[Captioned web images]
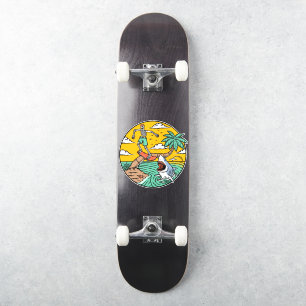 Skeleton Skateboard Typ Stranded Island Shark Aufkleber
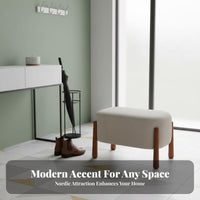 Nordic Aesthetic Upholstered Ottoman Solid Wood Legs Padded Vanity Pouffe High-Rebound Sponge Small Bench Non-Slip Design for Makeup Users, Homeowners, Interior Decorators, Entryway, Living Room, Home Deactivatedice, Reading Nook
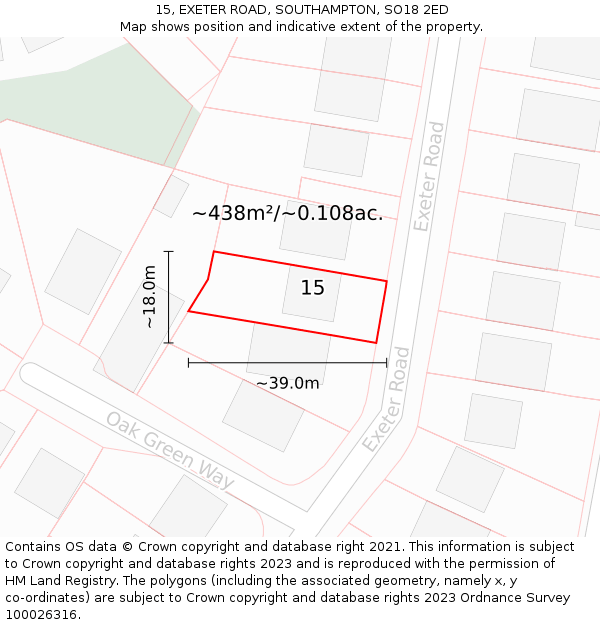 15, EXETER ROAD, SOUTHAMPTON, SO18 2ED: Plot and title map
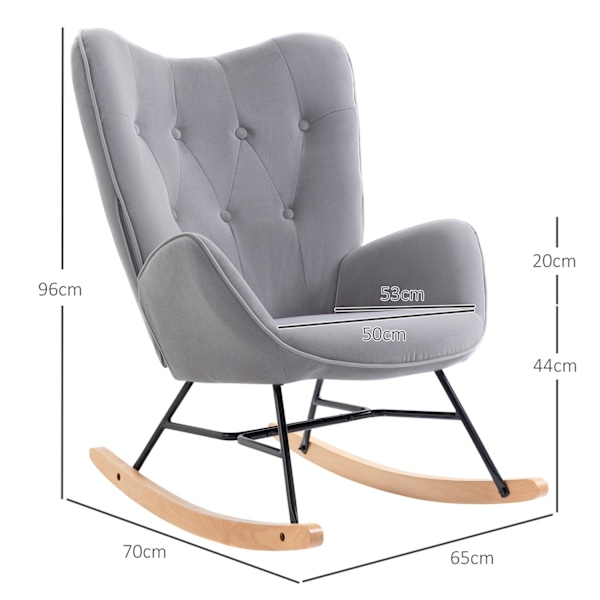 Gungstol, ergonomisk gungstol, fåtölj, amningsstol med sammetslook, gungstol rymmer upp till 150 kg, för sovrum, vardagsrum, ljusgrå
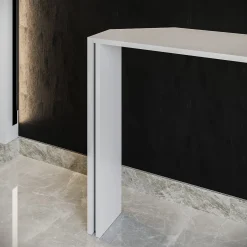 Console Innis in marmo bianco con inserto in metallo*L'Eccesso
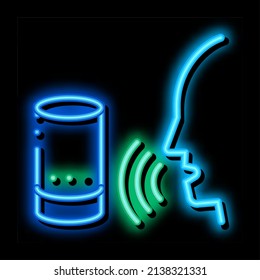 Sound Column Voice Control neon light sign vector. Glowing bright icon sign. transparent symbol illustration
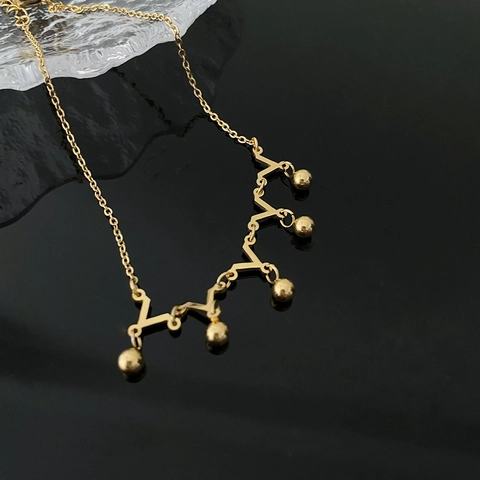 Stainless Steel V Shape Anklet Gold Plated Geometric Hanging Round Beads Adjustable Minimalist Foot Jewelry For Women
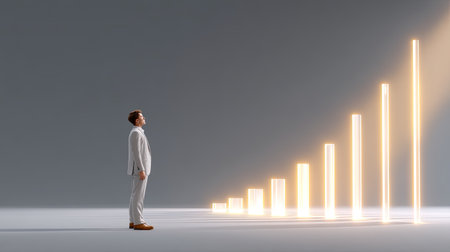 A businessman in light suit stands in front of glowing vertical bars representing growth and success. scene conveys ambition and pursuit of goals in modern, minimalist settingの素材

→ **WHAT THE EXERCISE ASKS**
From the line containing "Nordic Aesthetic Upholstered" through the last line of the entries, both included, print each line exactly and omit any picture.

→ **ANSWER BOX**
 Nordic Aesthetic Upholstered Ottoman Solid Wood Legs Padded Vanity Pouffe High-Rebound Sponge Small Bench Non-Slip Design for Makeup Users, Homeowners, Interior Decorators, Entryway, Living Room, Home Deactivatedice, Reading Nook
 15, EXETER ROAD, SOUTHAMPTON, SO18 2ED: Plot and title map
 Gungstol, ergonomisk gungstol, fåtölj, amningsstol med sammetslook, gungstol rymmer upp till 150 kg, för sovrum, vardagsrum, ljusgrå
 Console Innis in marmo bianco con inserto in metallo*L'Eccesso
 Sound Column Voice Control neon light sign vector. Glowing bright icon sign. transparent symbol illustration
 Stainless Steel V Shape Anklet Gold Plated Geometric Hanging Round Beads Adjustable Minimalist Foot Jewelry For Women
 A businessman in light suit stands in front of glowing vertical bars representing growth and success. scene conveys ambition and pursuit of goals in modern, minimalist settingの素材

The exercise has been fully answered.